Центр тяжести этого явления, как мне кажется, расположен вне его собственно стихотворного наследия, как бы к нему кто не относился.
Не столько обширный, сколько поражающий своей живучестью арсенал ставших классическими цитат, выстреливающих, — часто невпопад, — в самых разных дискуссионных ситуациях. О том, например, что «поэт в России больше чем поэт», вспоминают все кому не лень — кто-то вполне всерьез, а кто-то с иронической интонацией. Не менее противоречиво звучит — особенно в наши дни — песенная строчка «Хотят ли русские войны?» Возникшая в шестидесятые годы как исключительно риторический, не требующий ответа вопрос в казавшемся незыблемым контексте «миролюбивой внешней политики советского государства», эта строка в последние несколько лет обернулась вопросом совсем не риторическим, властно требующим ответа и получившим вполне прозрачный и недвусмысленный ответ. Совсем, увы, не тот, на который хотел бы рассчитывать автор.
Интересно, что многие из тех, кто этими афористическими цитатами широко пользуется по любому поводу и без всякого повода, даже и не знают, кому эти цитаты принадлежат. И это, кстати, признак несомненной успешности.
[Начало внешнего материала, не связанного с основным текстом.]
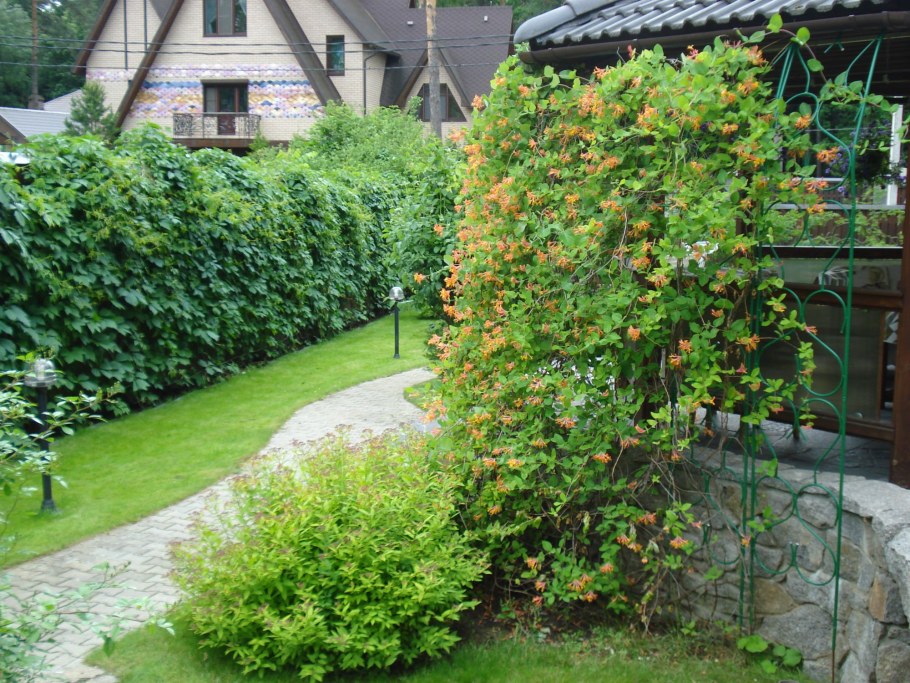 Жимолость каприфоль изгородь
Но феномен Евтушенко не только и не столько в стихах. Он в чем-то ином. Вот только в чем?
Его любили и не любили. Уважали и не уважали. Читали и не читали. Его считали храбрецом и трусом. Правдивцем и вруном.
Доброжелатели говорили о его человеческой доброте и отзывчивости. О том, что он умел искренне восхищаться чужими стихами. Что он любил и понимал новую живопись. Что он многим помог — и в литературном, и в житейском смысле. Недоброжелатели, особенно из числа коллег, говорили, что «если Евтушенко против колхозов, то я — за».
В силу своего не очень последовательного характера, — в чем можно при сильном желании разглядеть и некоторое специфическое обаяние, — он плыл по течению и против течения одновременно.
Над ним часто посмеивались, и далеко не всегда добродушно. Особенно над его причудливой, мягко говоря, манерой одеваться. Мой тогдашний приятель, слывший мастером парадоксальных и, как правило, черноватых острот, разглядев в толпе средь какого-то «шумного бала» поэта Евтушенко в золоченом, — в цветах и птицах, — пиджаке и в садово-огороднической кепочке в мелкий цветочек, сказал: «Если бы он попал под каток, то мог бы получиться довольно веселенький коврик».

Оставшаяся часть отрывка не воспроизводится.